--- Dataset content Enclosed Below ---

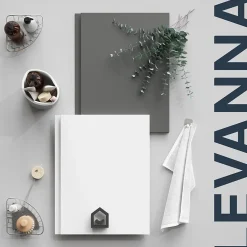 GoodHome Meuble sous vasque suspendu gris anthracite mat 4 tiroirs l.120 x H.48 x P.45 cm, Levanna* Meuble Sous-Vasque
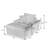 Accent Armchair With Ottoman-442978184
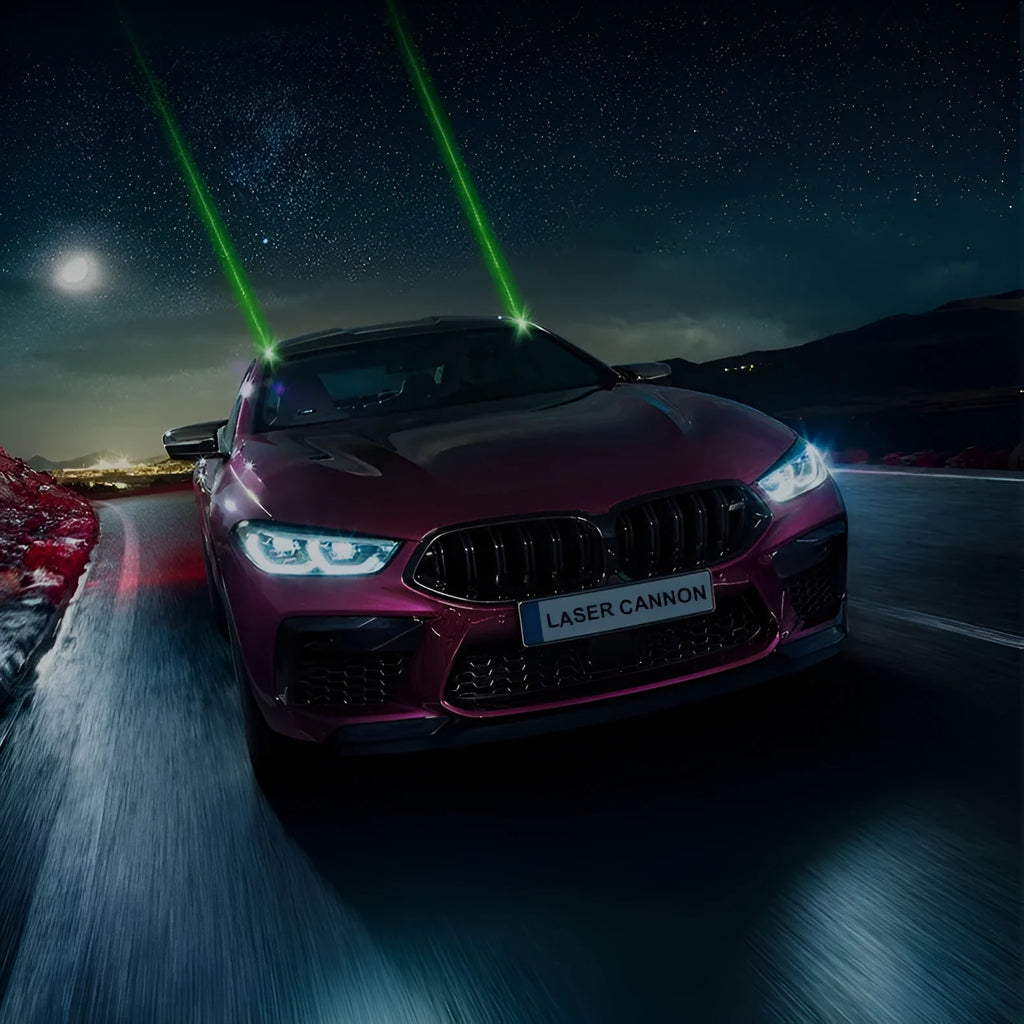 Remote-controlled car anti-collision strobe light with USB charging cable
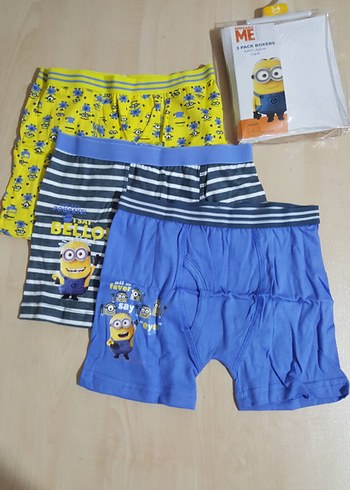 Minions Desenli Renkli 3'lü Erkek Çocuk Boxer - Görsel 4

--- End of Enclosed Dataset content ---

Problem description: Repeat, with no pictures, each line from the beginning of the data through the line containing "Remote-controlled car anti-collision", inclusive.

Solution for this task:
 GoodHome Meuble sous vasque suspendu gris anthracite mat 4 tiroirs l.120 x H.48 x P.45 cm, Levanna* Meuble Sous-Vasque
 Accent Armchair With Ottoman-442978184
 Remote-controlled car anti-collision strobe light with USB charging cable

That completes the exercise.